Sometimes it is both necessary and proper to pay a person to participate in a clinical trial, of a drug or some other medical intervention, or a data-collection study, or something else that involves people. An article in this week’s New England Journal of Medicine reviews many of the relevant ethical issues.
A link to the article is here. Correction to initial post: subscription or purchase does appear required.
Why pay somebody to be in a trial? The main reasons are to reimburse them for unavoidable expenses, to compensate them for time that would not otherwise be required in the course of standard medical care or normal life, and, indeed, to get them to participate in the first place. In cancer medicine, where I’ve worked, the subjects are cancer patients who are generally not paid to participate; they usually are willing to do so in the hope of possible benefit, plus, often, a sense of altruism. But most drugs have their first human testing in healthy volunteers, to begin to identify potential safety concerns and understand how, and how rapidly, the drug is eliminated from the body. In those cases, the research subjects are almost always paid, sometimes substantially.
Such payments are not necessarily unethical, as long as they are not too big. If they are, then they could create an undue influence to participate. That would upset the balance of benefits and risks and compromise true informed consent. By well-accepted ethical standards for research on human subjects—many of which are codified in regulation—the risks to human subjects must not be excessive, must be avoided or mitigated to the extent reasonably possible and commensurate with the goals of the research, and must not exceed the foreseeable benefits of the research, either to the individual subject or to society overall (e.g., in the form of important medical knowledge), or both.
Payment to a subject is not considered a benefit in and of itself, but should be “neutral” to the benefit/risk assessment.
There’s no hard and fast rule about paying subjects—no single standard “fee schedule,” so to speak. Rather, each ethics board reviewing a study must also review and approve the amount and timing of payments to subjects. Again, such payments should be high enough to respect the subject’s contribution to the research, but not too high so as to give them incentive to participate when maybe they should not. Also, it’s a general principle that payment should be in installments; generally, no more than 10-15% of the total should be held back to the very end of the study. Why this last point? Because it’s also a principle that subjects can opt out of a study at any time, but if they think “I have to stay in to the bitter end to get paid,” that could pressure them too much.

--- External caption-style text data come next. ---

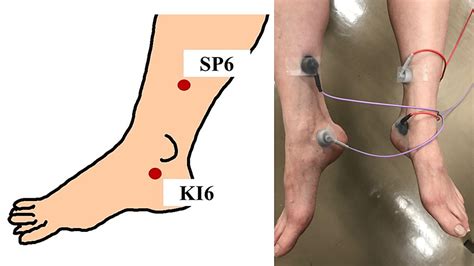 Cureus Efficacy Of Transcutaneous Tibial Nerve Stimulation With Silver Spike Point® Electrodes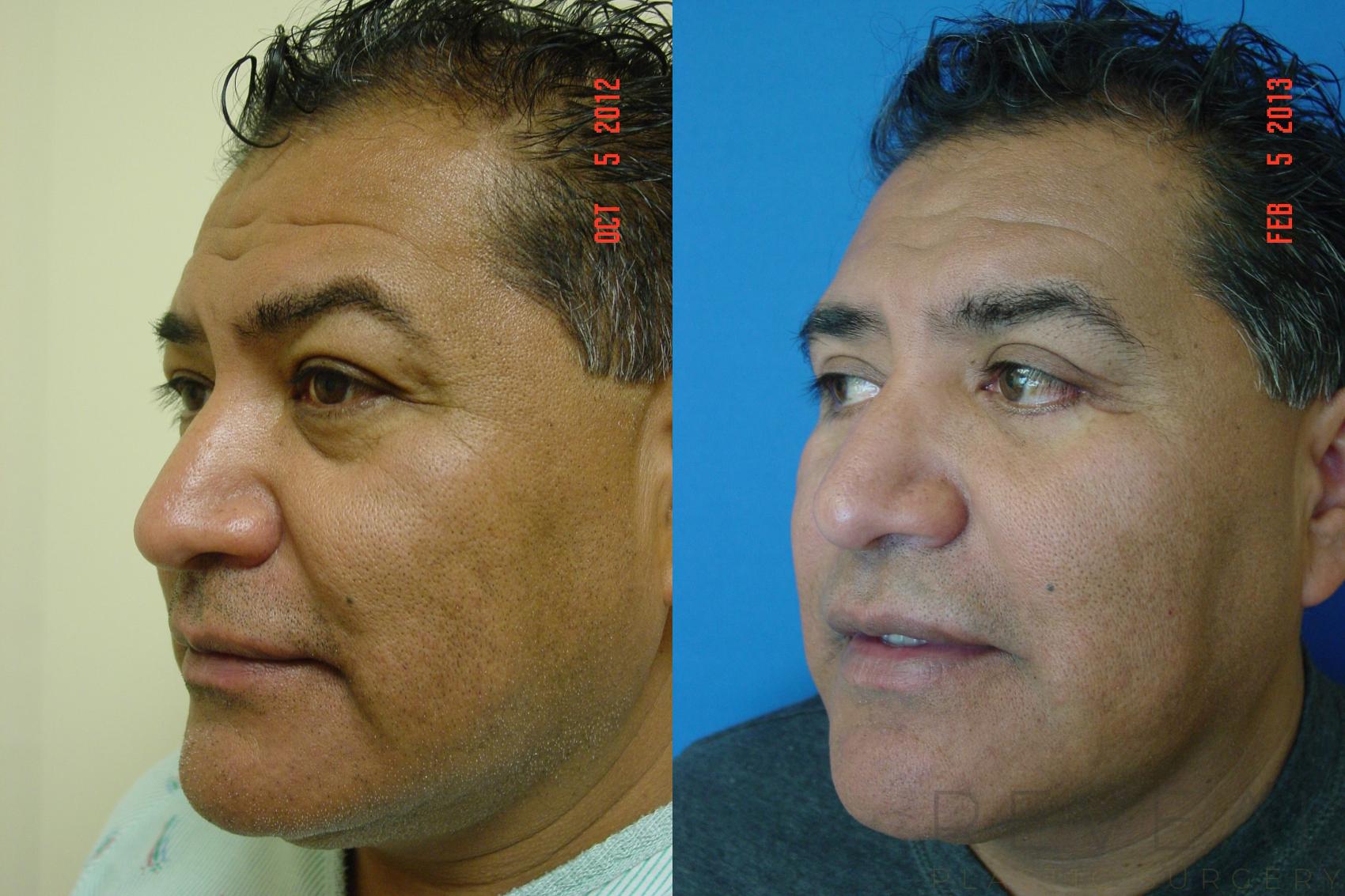Before & After Eyelid Surgery Case 97 View #1 View in San Jose, CA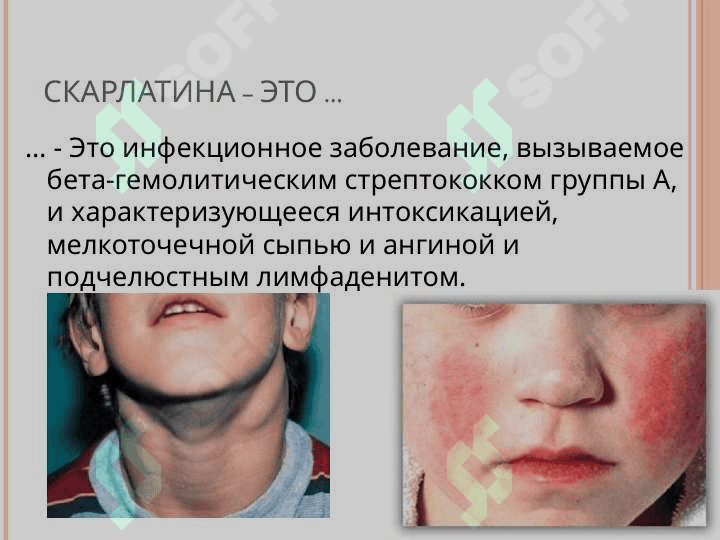 СКАРЛАТИНА 2
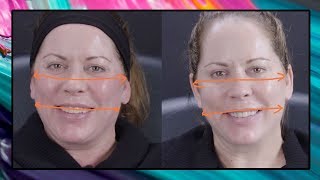 In this week’s video i discuss how can use fillers to make your face
look slimmer. plus, my segment of ‘i’m not getting paid say
this,’ show you tw...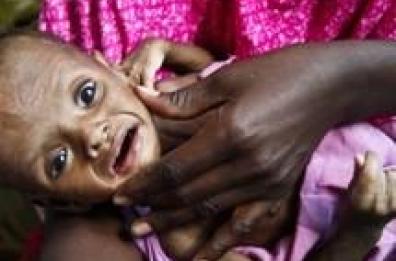 Unicef,ogni giorno muoiono 21 mila bimbi
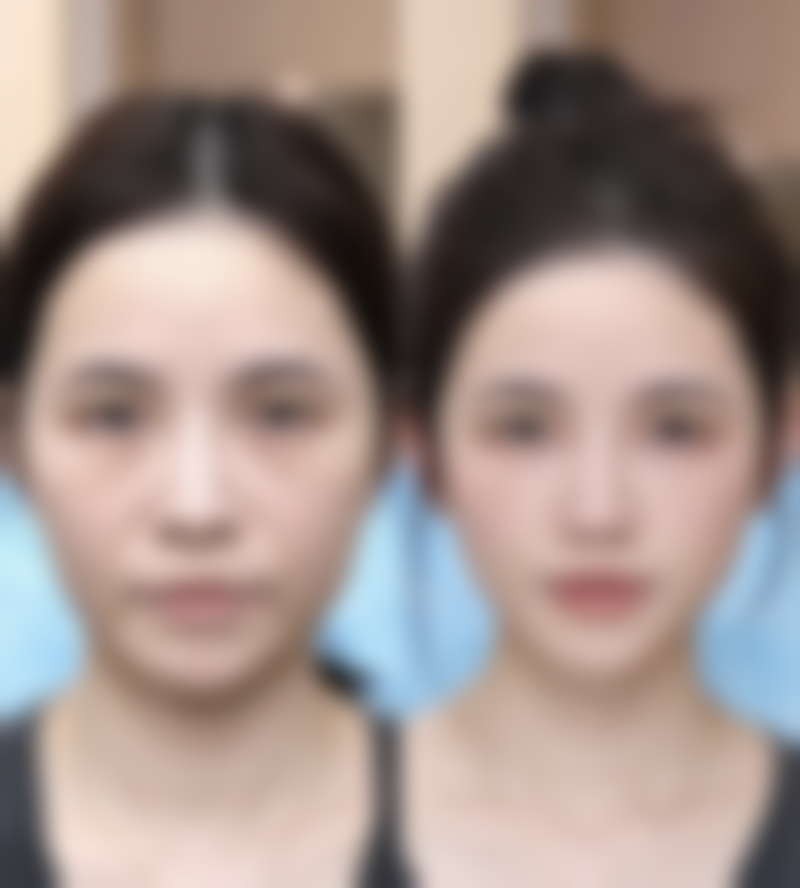 影响假体取出疼痛程度的因素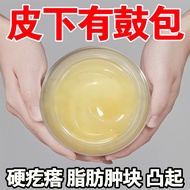 Hong Kong Fat Kang Tumor Block Cream Fat Spirit Cream Tumor Hard Block Drum Bag Single Hair Multi-Ha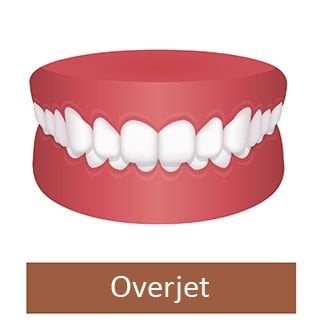 overjet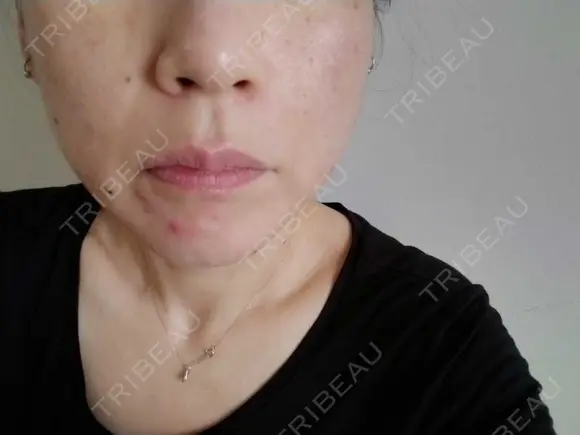 糸リフト / ヒアルロン酸注入（頬） ネビュラクリニック 広島院 AFTER メイン用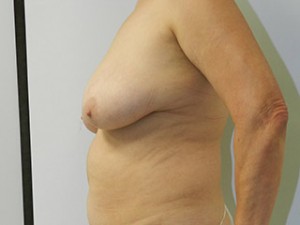 Breast Lift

Note, BTW, that such pressure is not the same as coercion, which by definition involves a threat, and does not apply to this payment question.
Also, payments must be appropriate so that subjects don’t get a wrong idea about the potential value or efficacy of an experimental drug, or that they might be induced to try to be in more than one study at once. You might be surprised how significant that last risk is. In my past IRB work, we just to worry about “professional subjects” who make some level of living by going from one research study to another. More than one at once means getting two or more drugs at once that probably ought not to be combined, willy-nilly.
And of course, the potential for economic exploitation of low-income individuals must also be considered and respected.
The NEJM article really doesn’t break new ground but is a helpful review for those interested in essential research ethics. The FDA has also provided guidance, which can be reviewed here.